Sadece trafiği aksatıyormuş gibi görünen bu fotoğraf, eğitim sistemimizdeki çarpıklığın en önemli belirteçlerinden bir tanesidir. Şöyle ki, Adana gibi bir büyükşehirde dahi aileler, çocuklarını gerçek ikametgâh adreslerinin bulunduğu bölgenin okuluna güvenmediklerinden, yani, o okulun imkânlarını yetersiz bulduklarından servisle ulaştırabilecekleri bir kent kesimdeki okula yolluyorlar anlamı çıkar buradan. Elbette ki çocukların ancak bulundukları bölgelerdeki okullara gitmeleri yasal olarak zorunlulukken, servis mesafesinde gerçek ikametleri bulunan bu çocukların, nasıl olup, bu okul civarında oturduklarını belgeledikleri de bir başka sorundur. Veyahut sürekli olarak eğitimde kalite, eğitimde iyileşme diye söylenirken, o arada kendi çocuğumuzu kurtarmak için hangimiz yanlış yöne gitmedik, toplumda bulunan ve seslerini çıkaramayan, doğruları göremeyen zavallı insanlarımızın sorunlarını hep bir kenara itme körlüğüne hangimiz saplanmadık, gözü bağlı koştuğumuz Özalizm süreci içerisinde. “Bu okul” derken, hedefe sadece benim her gün önünden geçtiğim bu ilköğretim okulunu oturtmayalım, eminim ki Türkiye’nin her tarafında böylesine fotoğraflar çekebileceğimiz binlerce okul vardır.

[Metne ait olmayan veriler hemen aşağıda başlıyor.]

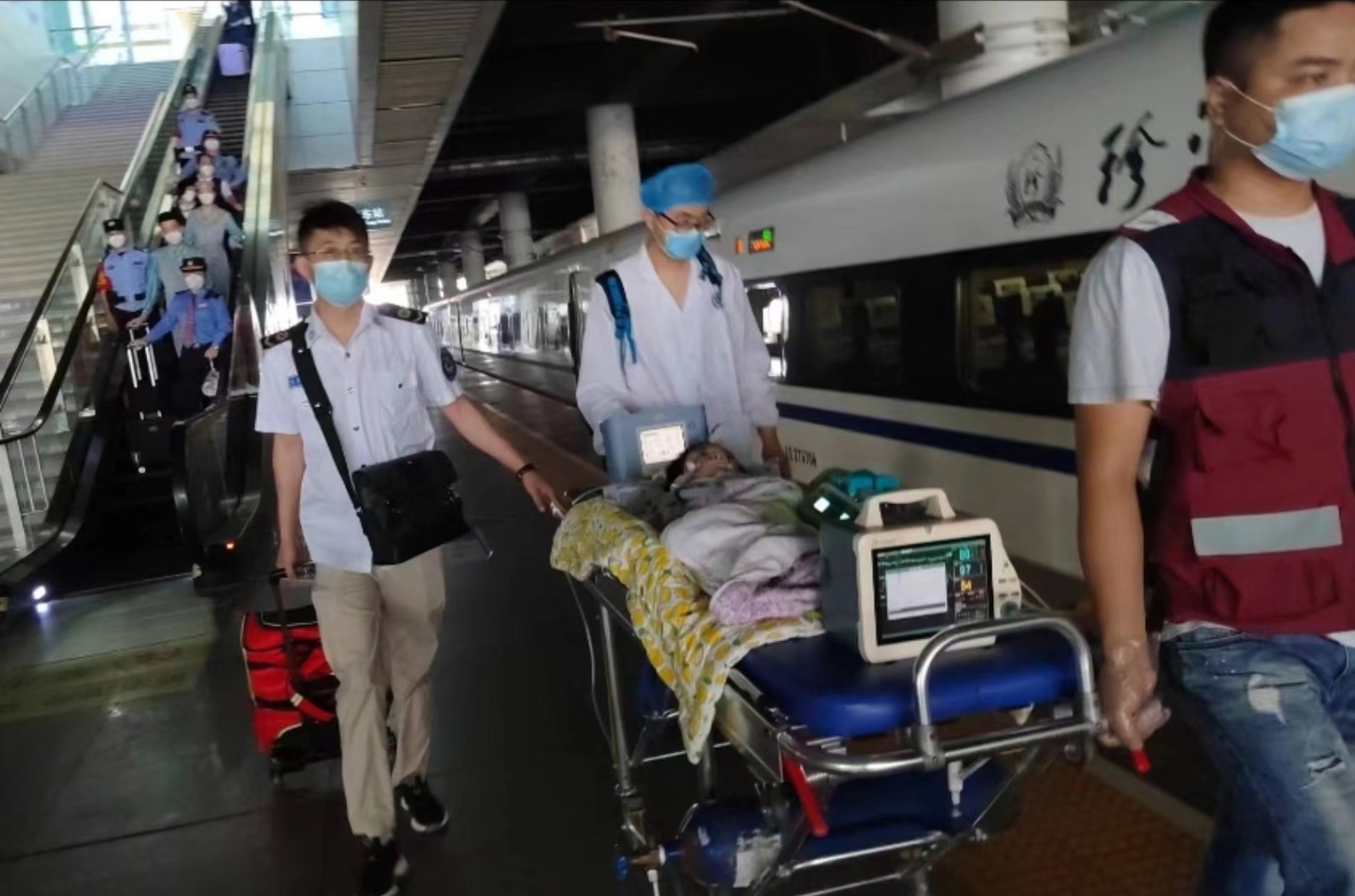 东方市高铁转运公司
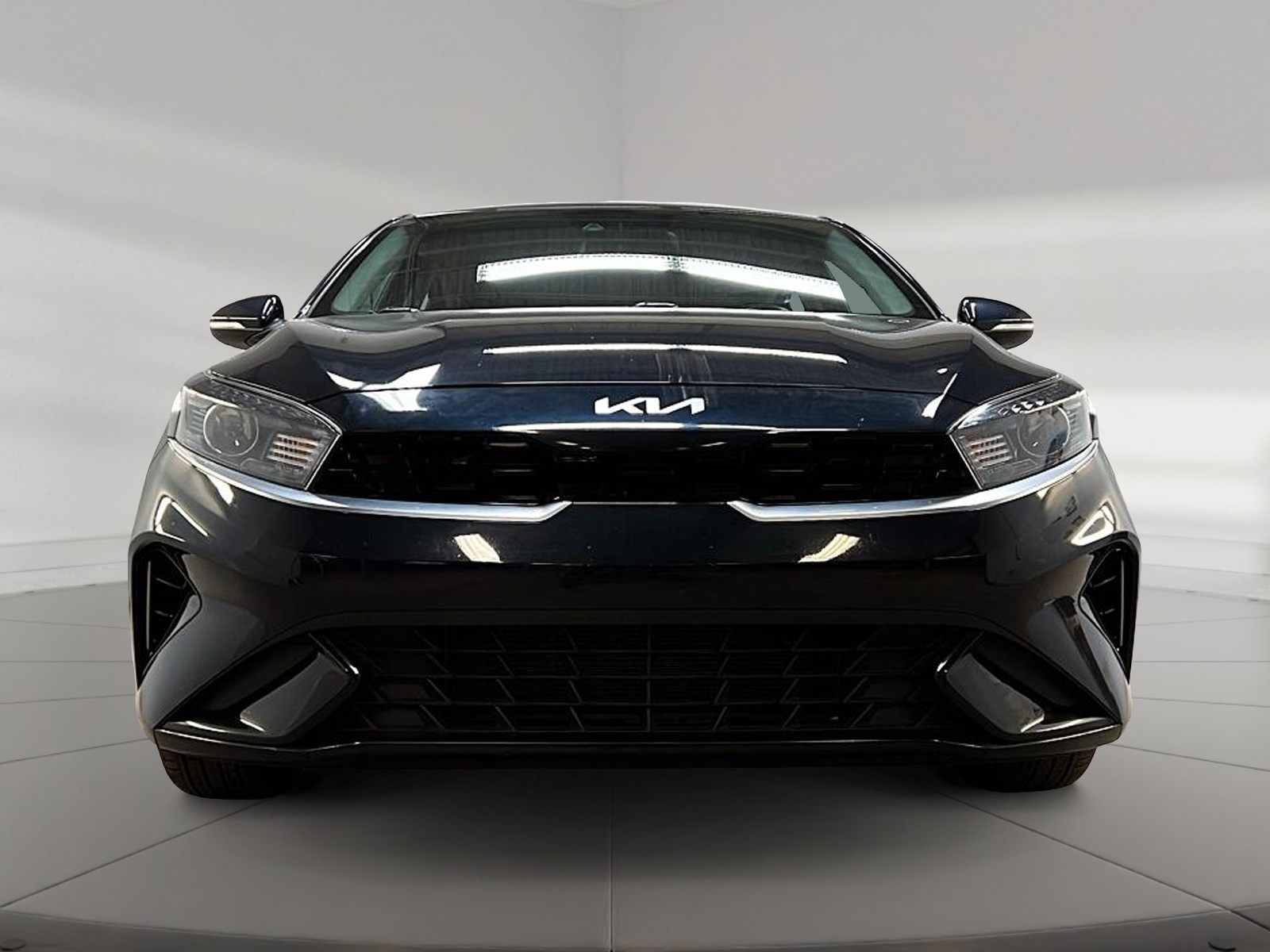 Kia Forte5 2023 - Image #2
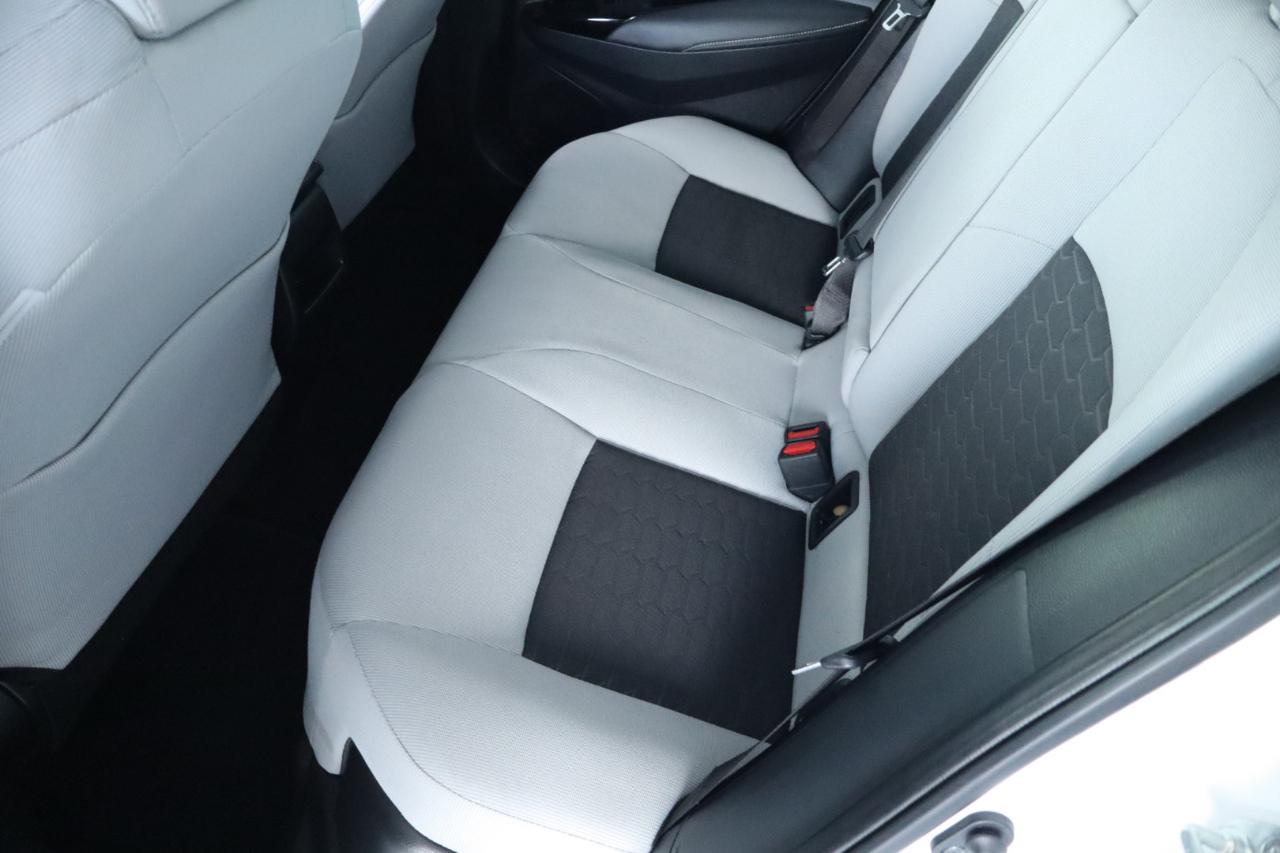 Toyota Corolla Hatchback SE Manual (Natl) 2022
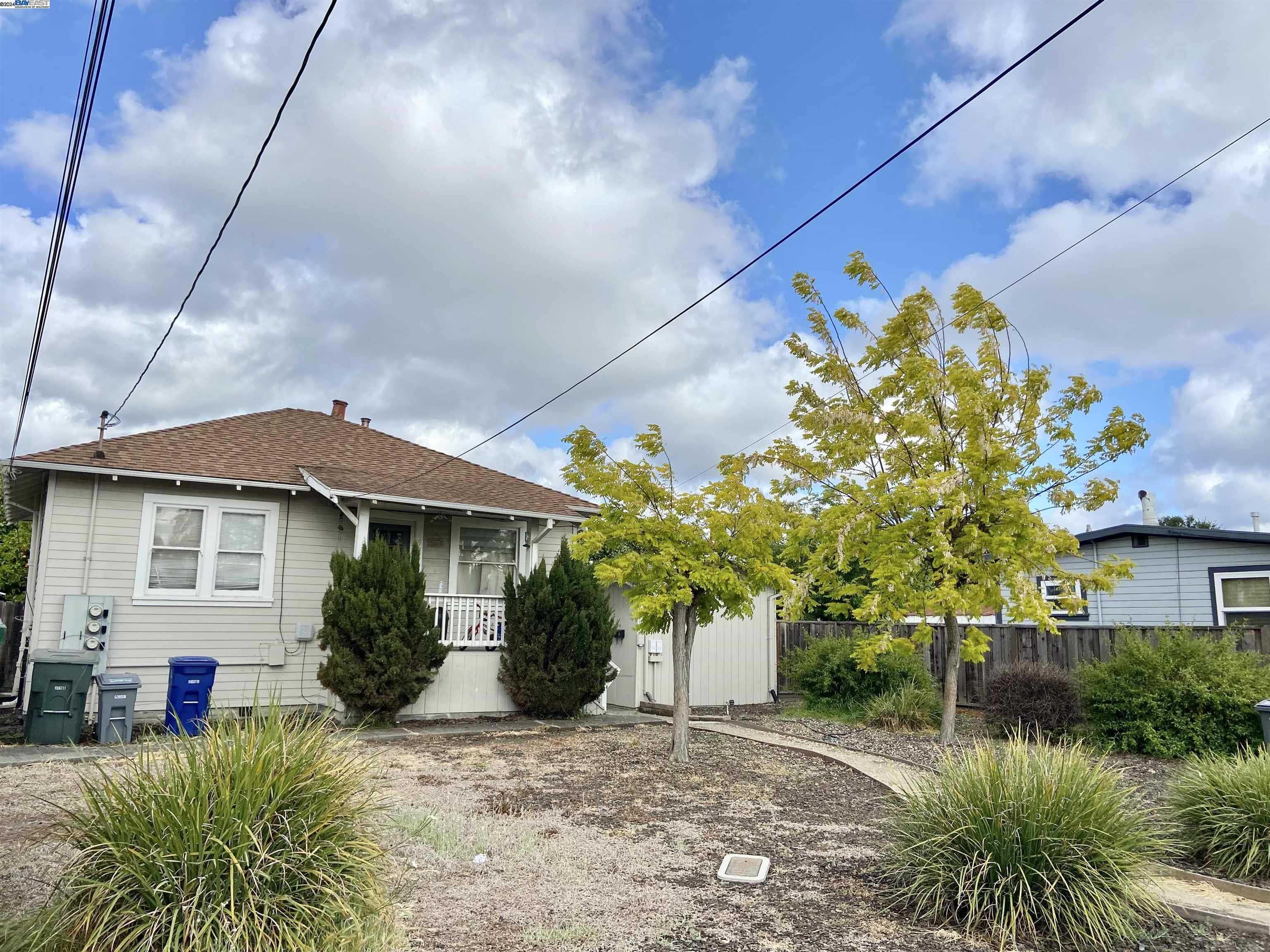 Neighborhood Neighborhood-28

Bu yazıyı yazmaktaki amacım, fotoğrafı çekilebilecek kadar önemli bu görüntünün ortaya çıkmasına yol açan zihniyet ve eğitimin, özellikle Özalizm sürecinde, içerisine itildiği durumu gözler önüne sermek. Elbette ki ABD’nin örnek alındığı bu süreçte, oraya benzeme çabalarının sonucu olarak orada bulunan O<ı>kul Otobüslerine benzer bir durumu hayal etmenin kaçınılmaz olacağı da aşikârdı. Ancak unutulan bir şey vardı; oradaki Okul Otobüsleri okullar belirli mesafedeki çocukları yasal olarak gitmeleri zorunlu olan okullara götürmek için kullanılıyor olduğu. Bizdekinde ise durum, bizleri yöneten hükümetlerin, eğitimde, Özalizm’le girilen süreçte içerisine itildiği yetersizlik, umursamazlık, önemsemezlik ve anlayamazlık durumlarının sonucu ortaya çıkan bir resim mevcuttur. Kalkındırmak için, çağ atlatmak için, teknolojik devrim yaptırmak için yola çıktığınız bir milleti eğitmezseniz eğer bu isteklerinizin hangi birisini yapabilirsiniz? İmam Hatipleri, Kuran Kurslarını peynir ekmek gibi çoğaltırken, bireyin ve toplumun gelişimi için çok önemli olan eğitimi, sosyal bir hukuk devletine yönetici olduğunuzu unutarak, özel sektöre devretme gafletinde bulunabilirsiniz. Bunu ancak, felsefeden anlamayan, hayatı sadece maddiyatla maneviyat arasındaki keskin zikzaklarla algılayabilen, insanlığın ve Tanrının yarattığı canlılar içerisinde aklını kullanabilen tek tür olan insanı ve onun ruhunu anlayamayan bir insan başarabilirdi.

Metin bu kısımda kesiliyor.